We are interested in where in or outside the cell the gene product carries out its function.

We are also interested in the signaling or biochemical pathways in which the gene functions. We are less interested in broad pleiotropic effects, except where these elucidate the precise role.

Include evidence where possible. We are interested in both experimental evidence as well as inference from structure, evolution, or bioinformatic analysis. Precise studies should be prioritized over high-throughput, where available.

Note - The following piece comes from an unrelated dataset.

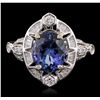 Image 4 : 18KT White Gold 3.60ct Tanzanite and Diamond Ring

Research report: gcvP (UniProt C5AUG0) in Methylorubrum extorquens AM1

0. Target verification (mandatory)

Target identity: UniProt C5AUG0 is annotated as glycine dehydrogenase (decarboxylating), also called glycine cleavage system P-protein / glycine decarboxylase, EC 1.4.4.2, encoded by gcvP in Methylorubrum extorquens strain AM1. This identity matches the canonical bacterial glycine cleavage system (GCS) P-protein described in mechanistic literature (GcvP together with GcvT/GcvH/GcvL). (xu2021standalonelipoylatedhprotein pages 1-5)

Ambiguity control: The gene symbol gcvP is used broadly across bacteria; therefore, organism-specific claims are restricted to Methylorubrum extorquens where direct evidence was retrieved. When AM1-specific data were not found in the current corpus, functional statements are explicitly framed as conserved GcvP-family inference supported by mechanistic evidence. (xu2021standalonelipoylatedhprotein pages 1-5, xu2021standalonelipoylatedhprotein pages 5-8)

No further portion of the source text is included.